Another example is flipping a piece of real estate with seller financing. This is where the buyer provides a down payment and agrees to some sort of payment plan for the remainder of the balance (usually with interest). For at least a limited time (a few months or up to a few years) that piece of real estate will be a “good” asset that will hold its value and provide cash flow. But we can’t yet say that it is a “great” asset because that cash flow, even if it lasts for several years, will eventually run out.
Another “good” asset can be something like selling an eBook online. When you first publish a book, there tends to be a swelling of initial interest that eventually slows down to a steady trickle. Now, there are things that you can do to continually promote your book in order to reach fresh audiences, but what’s more likely is that your sales will fall into a natural slump (unless you are the next Michael Crichton, in which case your grandkids will thank you). An eBook is a “good” asset because it provides steady cash flow and doesn’t go down in value; but as is the case with a real estate deal, the money will eventually stop flowing.
GREAT ASSETS: You are probably getting the hang of this asset classification thing, so identifying great assets shouldn’t be that hard. A “great” asset should go up in value, should provide positive cash flow, and the income stream shouldn’t dry up anytime in the foreseeable future. A “great” asset is the kind of investment that you should eventually use to fill up your portfolio. The more “great” assets that you can invest in, the more cash you will have flowing to your bank account every month and the less you will ever have to worry about making ends meet. If you can get your hands on enough “great” assets, you will even have the option of quitting your job and spending your days doing whatever your passion is. So what are some examples of “great” assets? Let’s look at a few and then see if you can imagine any others.
Owning a rental property is a prime example of a “great” asset. Think about it. The property itself will most likely hold its value over the years, and the rent that you charge (in most areas) can be periodically adjusted according to inflation.

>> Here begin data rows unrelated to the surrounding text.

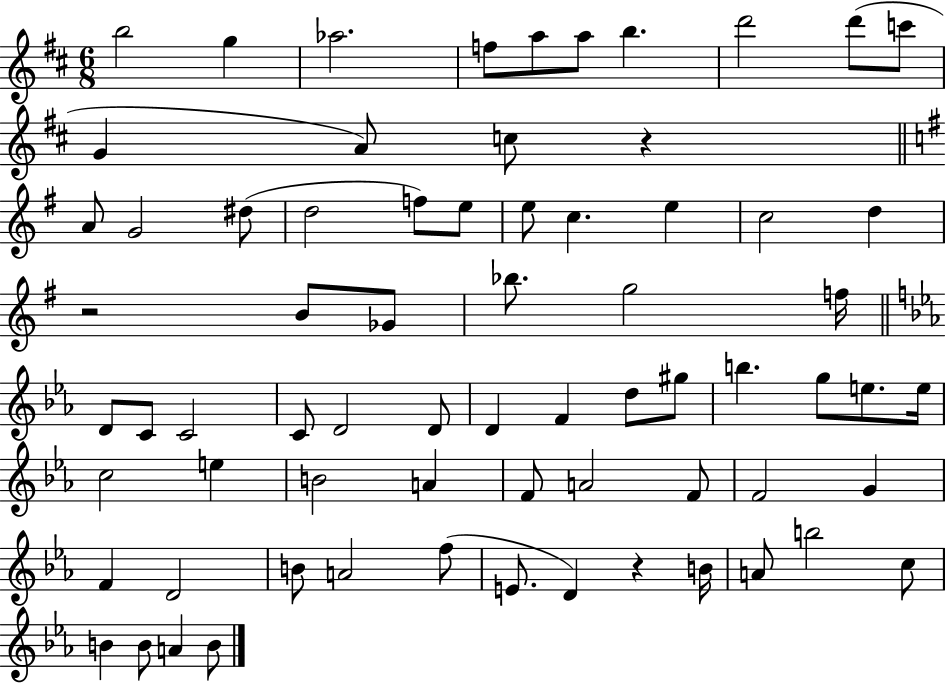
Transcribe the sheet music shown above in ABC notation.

X:1
T:Untitled
M:6/8
L:1/4
K:D
b2 g _a2 f/2 a/2 a/2 b d'2 d'/2 c'/2 G A/2 c/2 z A/2 G2 ^d/2 d2 f/2 e/2 e/2 c e c2 d z2 B/2 _G/2 _b/2 g2 f/4 D/2 C/2 C2 C/2 D2 D/2 D F d/2 ^g/2 b g/2 e/2 e/4 c2 e B2 A F/2 A2 F/2 F2 G F D2 B/2 A2 f/2 E/2 D z B/4 A/2 b2 c/2 B B/2 A B/2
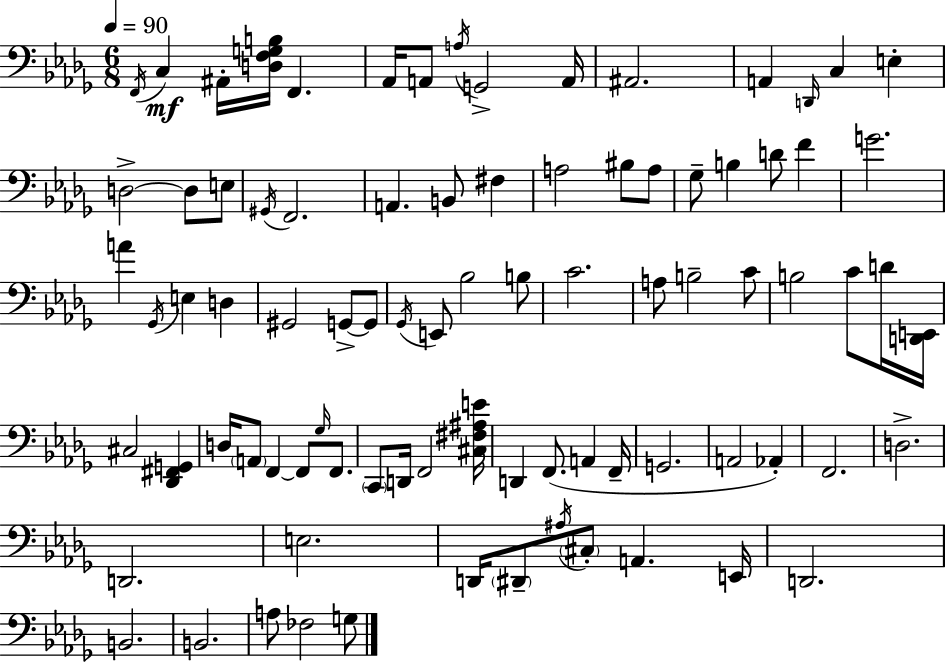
F2/s C3/q A#2/s [D3,F3,G3,B3]/s F2/q. Ab2/s A2/e A3/s G2/h A2/s A#2/h. A2/q D2/s C3/q E3/q D3/h D3/e E3/e G#2/s F2/h. A2/q. B2/e F#3/q A3/h BIS3/e A3/e Gb3/e B3/q D4/e F4/q G4/h. A4/q Gb2/s E3/q D3/q G#2/h G2/e G2/e Gb2/s E2/e Bb3/h B3/e C4/h. A3/e B3/h C4/e B3/h C4/e D4/s [D2,E2]/s C#3/h [Db2,F#2,G2]/q D3/s A2/e F2/q F2/e Gb3/s F2/e. C2/e D2/s F2/h [C#3,F#3,A#3,E4]/s D2/q F2/e. A2/q F2/s G2/h. A2/h Ab2/q F2/h. D3/h. D2/h. E3/h. D2/s D#2/e A#3/s C#3/e A2/q. E2/s D2/h. B2/h. B2/h. A3/e FES3/h G3/e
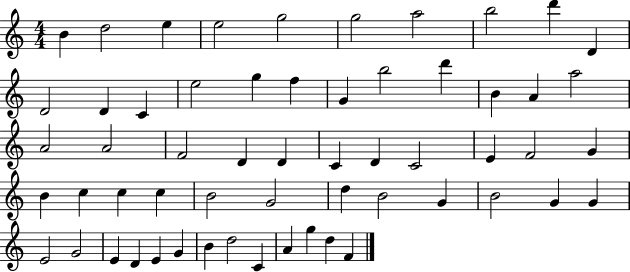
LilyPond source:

{
  \clef treble
  \numericTimeSignature
  \time 4/4
  \key c \major
  b'4 d''2 e''4 | e''2 g''2 | g''2 a''2 | b''2 d'''4 d'4 | \break d'2 d'4 c'4 | e''2 g''4 f''4 | g'4 b''2 d'''4 | b'4 a'4 a''2 | \break a'2 a'2 | f'2 d'4 d'4 | c'4 d'4 c'2 | e'4 f'2 g'4 | \break b'4 c''4 c''4 c''4 | b'2 g'2 | d''4 b'2 g'4 | b'2 g'4 g'4 | \break e'2 g'2 | e'4 d'4 e'4 g'4 | b'4 d''2 c'4 | a'4 g''4 d''4 f'4 | \break \bar "|."
}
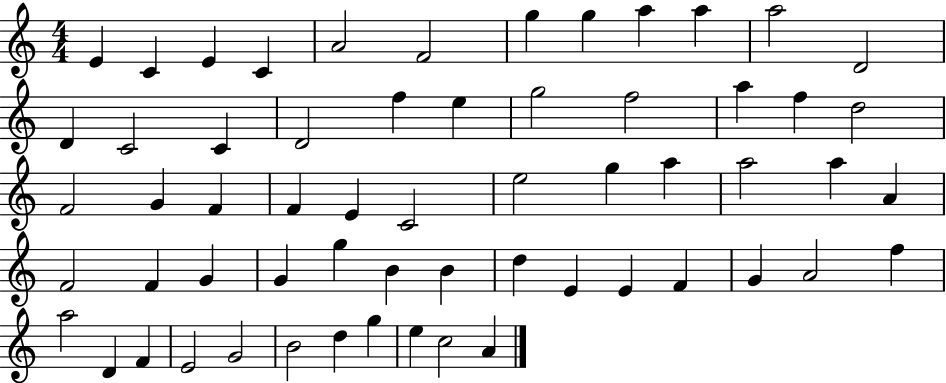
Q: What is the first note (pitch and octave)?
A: E4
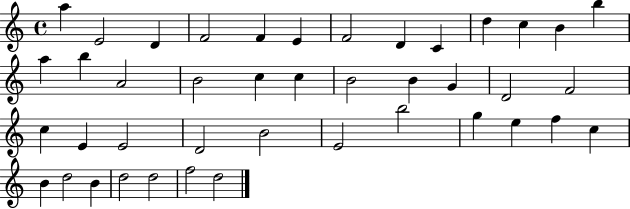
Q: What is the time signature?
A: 4/4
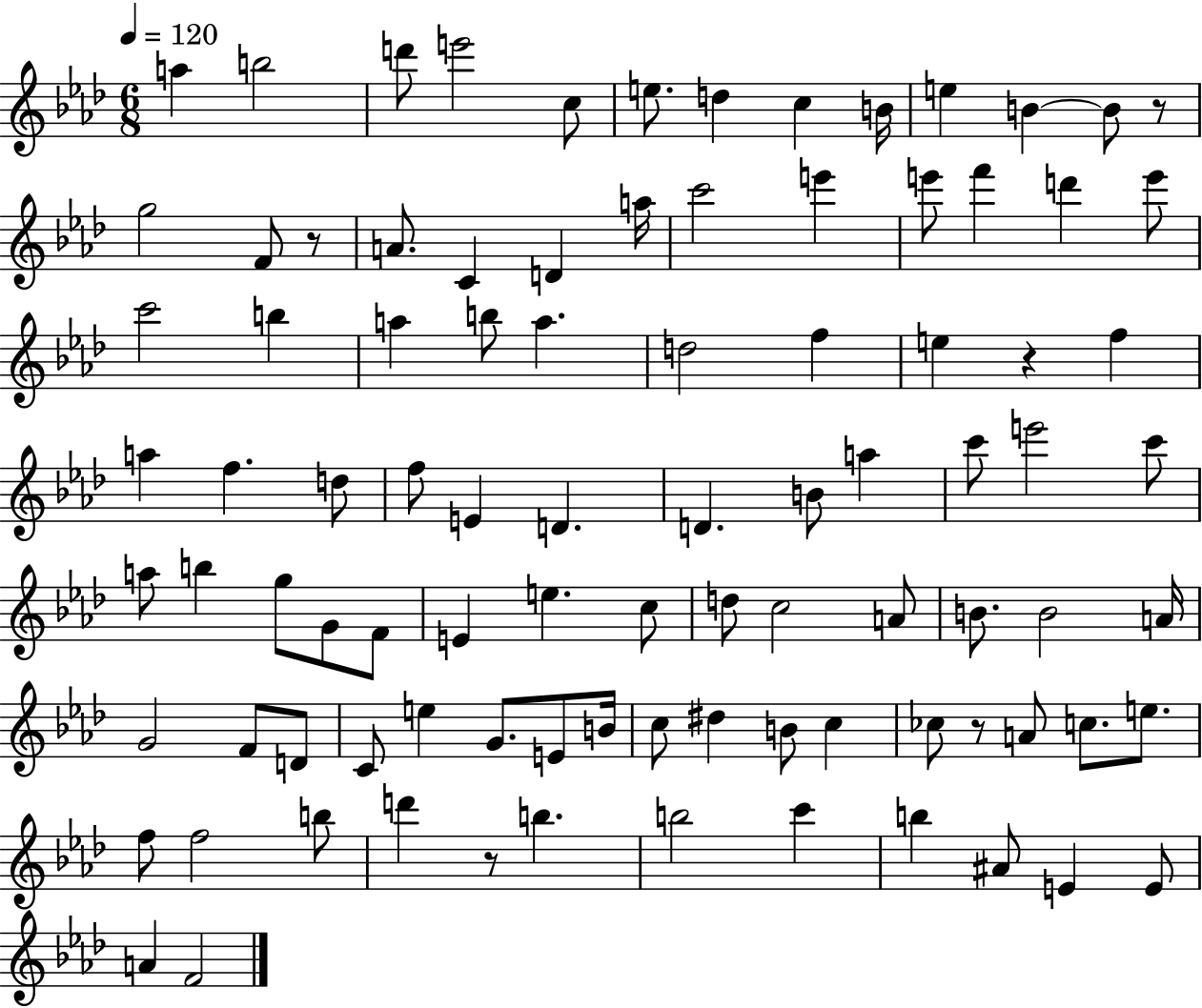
X:1
T:Untitled
M:6/8
L:1/4
K:Ab
a b2 d'/2 e'2 c/2 e/2 d c B/4 e B B/2 z/2 g2 F/2 z/2 A/2 C D a/4 c'2 e' e'/2 f' d' e'/2 c'2 b a b/2 a d2 f e z f a f d/2 f/2 E D D B/2 a c'/2 e'2 c'/2 a/2 b g/2 G/2 F/2 E e c/2 d/2 c2 A/2 B/2 B2 A/4 G2 F/2 D/2 C/2 e G/2 E/2 B/4 c/2 ^d B/2 c _c/2 z/2 A/2 c/2 e/2 f/2 f2 b/2 d' z/2 b b2 c' b ^A/2 E E/2 A F2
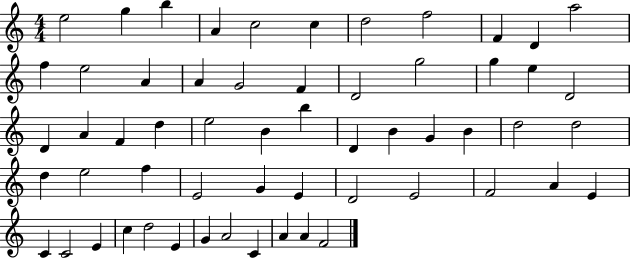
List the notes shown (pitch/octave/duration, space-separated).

E5/h G5/q B5/q A4/q C5/h C5/q D5/h F5/h F4/q D4/q A5/h F5/q E5/h A4/q A4/q G4/h F4/q D4/h G5/h G5/q E5/q D4/h D4/q A4/q F4/q D5/q E5/h B4/q B5/q D4/q B4/q G4/q B4/q D5/h D5/h D5/q E5/h F5/q E4/h G4/q E4/q D4/h E4/h F4/h A4/q E4/q C4/q C4/h E4/q C5/q D5/h E4/q G4/q A4/h C4/q A4/q A4/q F4/h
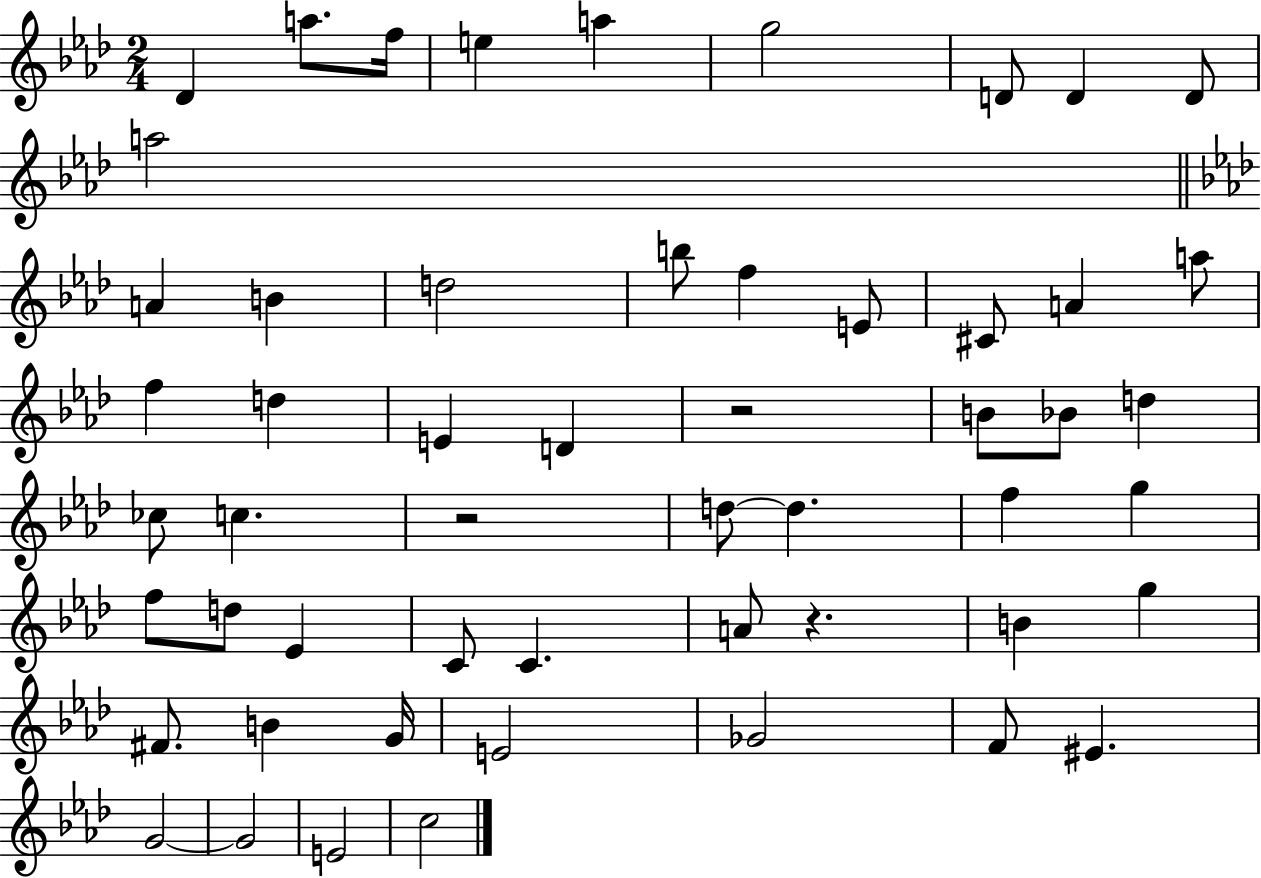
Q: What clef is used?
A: treble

The same principles can work even if you are renting out vacant land for people to drive their ATVs on, for agriculture, for hunting or fishing, for camping, or even for stargazing. The land itself is likely to slowly rise in value over the years (they aren’t making any more land, after all) and it will continue to provide a constant stream of income for you and your family depending on how well you market it to
your target audience and how well you treat those clients. Another aspect of a “great” asset is that it doesn’t require your constant supervision to generate income. While some people may hesitate at the idea of being a “landlord”, there are ways to eliminate the stress and potential hassle that come with renting out a property. For example, you can make a deal with a person who you trust implicitly for them to handle the choosing of tenants, rent collection, and the taking care of small repairs and issues on the property. In exchange, that person can keep a percentage of the rent. If you don’t know anyone in the area, then you can look into working with a property management company, who will do all of the above in exchange for a fee of anywhere from 6-10% of the monthly rental payment.
The fundamental purpose of a Forever Cash asset is to give you money each month without your having to work long hours. The same thing can be accomplished by being the owner of a business which is supervised by a competent manager. Because you were the one who put up the seed money to get the business going (or to purchase it) you will be repaid for life with a steady stream of income while others do the actual work.